**GIVEN RECORDS**
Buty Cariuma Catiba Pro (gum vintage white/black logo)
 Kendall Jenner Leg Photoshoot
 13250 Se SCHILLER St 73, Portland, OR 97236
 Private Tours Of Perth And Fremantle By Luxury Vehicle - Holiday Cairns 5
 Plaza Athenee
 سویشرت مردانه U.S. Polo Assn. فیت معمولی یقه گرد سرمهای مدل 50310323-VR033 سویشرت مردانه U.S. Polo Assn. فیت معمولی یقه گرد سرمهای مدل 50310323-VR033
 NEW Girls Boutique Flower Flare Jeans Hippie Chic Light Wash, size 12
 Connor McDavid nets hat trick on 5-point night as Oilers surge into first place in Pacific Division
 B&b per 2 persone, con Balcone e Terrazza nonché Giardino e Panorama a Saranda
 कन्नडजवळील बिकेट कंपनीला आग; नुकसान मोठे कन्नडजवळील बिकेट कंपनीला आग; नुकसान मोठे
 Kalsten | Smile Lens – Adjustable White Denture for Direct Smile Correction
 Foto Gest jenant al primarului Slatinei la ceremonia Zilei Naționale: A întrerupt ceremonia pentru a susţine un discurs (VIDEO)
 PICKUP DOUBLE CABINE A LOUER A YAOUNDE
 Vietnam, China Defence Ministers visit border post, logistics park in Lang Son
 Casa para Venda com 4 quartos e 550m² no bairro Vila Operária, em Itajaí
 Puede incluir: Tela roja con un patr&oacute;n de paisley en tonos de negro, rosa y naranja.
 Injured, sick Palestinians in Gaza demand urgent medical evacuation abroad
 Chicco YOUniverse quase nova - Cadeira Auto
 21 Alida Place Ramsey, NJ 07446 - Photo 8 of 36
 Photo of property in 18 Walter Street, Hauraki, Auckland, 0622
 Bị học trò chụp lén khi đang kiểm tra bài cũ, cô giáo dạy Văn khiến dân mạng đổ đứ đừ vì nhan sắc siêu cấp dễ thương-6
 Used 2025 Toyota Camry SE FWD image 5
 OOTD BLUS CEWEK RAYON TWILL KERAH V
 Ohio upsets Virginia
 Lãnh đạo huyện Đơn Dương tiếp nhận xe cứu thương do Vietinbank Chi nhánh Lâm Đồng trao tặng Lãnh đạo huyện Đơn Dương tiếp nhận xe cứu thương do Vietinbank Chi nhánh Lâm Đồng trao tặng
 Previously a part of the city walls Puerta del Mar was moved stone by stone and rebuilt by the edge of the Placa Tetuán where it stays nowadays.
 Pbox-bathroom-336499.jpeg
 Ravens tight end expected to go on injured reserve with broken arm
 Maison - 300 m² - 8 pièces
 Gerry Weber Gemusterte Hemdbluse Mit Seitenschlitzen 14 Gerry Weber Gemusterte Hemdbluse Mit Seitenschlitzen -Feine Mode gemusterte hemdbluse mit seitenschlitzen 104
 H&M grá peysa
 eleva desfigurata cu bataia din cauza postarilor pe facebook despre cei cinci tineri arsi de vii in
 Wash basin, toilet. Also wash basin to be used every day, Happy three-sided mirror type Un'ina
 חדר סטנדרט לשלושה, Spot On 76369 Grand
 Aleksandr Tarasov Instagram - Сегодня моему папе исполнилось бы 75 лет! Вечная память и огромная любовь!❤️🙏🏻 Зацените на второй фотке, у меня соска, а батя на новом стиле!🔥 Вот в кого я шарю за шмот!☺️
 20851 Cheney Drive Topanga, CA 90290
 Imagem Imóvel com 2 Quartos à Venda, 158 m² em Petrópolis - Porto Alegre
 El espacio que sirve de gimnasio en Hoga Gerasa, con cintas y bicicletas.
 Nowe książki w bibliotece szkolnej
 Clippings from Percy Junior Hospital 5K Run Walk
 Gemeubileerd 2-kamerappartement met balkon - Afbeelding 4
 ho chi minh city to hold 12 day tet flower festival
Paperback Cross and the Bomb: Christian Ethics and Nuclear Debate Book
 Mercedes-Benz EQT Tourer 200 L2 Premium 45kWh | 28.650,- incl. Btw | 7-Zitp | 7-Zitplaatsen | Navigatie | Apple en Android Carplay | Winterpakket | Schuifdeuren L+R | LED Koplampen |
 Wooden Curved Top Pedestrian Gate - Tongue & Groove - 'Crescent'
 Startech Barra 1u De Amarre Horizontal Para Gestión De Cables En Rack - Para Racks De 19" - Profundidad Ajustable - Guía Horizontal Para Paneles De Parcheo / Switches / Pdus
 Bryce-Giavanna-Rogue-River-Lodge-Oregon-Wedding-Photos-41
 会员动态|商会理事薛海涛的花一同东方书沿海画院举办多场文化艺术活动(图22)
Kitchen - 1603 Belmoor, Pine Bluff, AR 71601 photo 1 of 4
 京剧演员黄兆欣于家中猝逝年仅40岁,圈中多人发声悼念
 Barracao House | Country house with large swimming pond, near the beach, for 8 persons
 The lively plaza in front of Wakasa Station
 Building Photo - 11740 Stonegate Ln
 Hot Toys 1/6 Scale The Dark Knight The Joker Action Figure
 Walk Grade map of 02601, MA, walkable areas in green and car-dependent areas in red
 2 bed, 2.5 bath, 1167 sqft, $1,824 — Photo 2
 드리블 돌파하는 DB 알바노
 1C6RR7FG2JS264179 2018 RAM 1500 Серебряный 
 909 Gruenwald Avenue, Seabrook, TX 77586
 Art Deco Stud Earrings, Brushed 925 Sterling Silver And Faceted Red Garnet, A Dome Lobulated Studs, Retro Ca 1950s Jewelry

**DESCRIPTION OF THE TASK**
Please make an exact copy of the lines above from the line with "Mercedes-Benz EQT Tourer" through the line with "Building Photo - 11740 Stonegate Ln", both ends included.

**ANSWER BOX**
 Mercedes-Benz EQT Tourer 200 L2 Premium 45kWh | 28.650,- incl. Btw | 7-Zitp | 7-Zitplaatsen | Navigatie | Apple en Android Carplay | Winterpakket | Schuifdeuren L+R | LED Koplampen |
 Wooden Curved Top Pedestrian Gate - Tongue & Groove - 'Crescent'
 Startech Barra 1u De Amarre Horizontal Para Gestión De Cables En Rack - Para Racks De 19" - Profundidad Ajustable - Guía Horizontal Para Paneles De Parcheo / Switches / Pdus
 Bryce-Giavanna-Rogue-River-Lodge-Oregon-Wedding-Photos-41
 会员动态|商会理事薛海涛的花一同东方书沿海画院举办多场文化艺术活动(图22)
Kitchen - 1603 Belmoor, Pine Bluff, AR 71601 photo 1 of 4
 京剧演员黄兆欣于家中猝逝年仅40岁,圈中多人发声悼念
 Barracao House | Country house with large swimming pond, near the beach, for 8 persons
 The lively plaza in front of Wakasa Station
 Building Photo - 11740 Stonegate Ln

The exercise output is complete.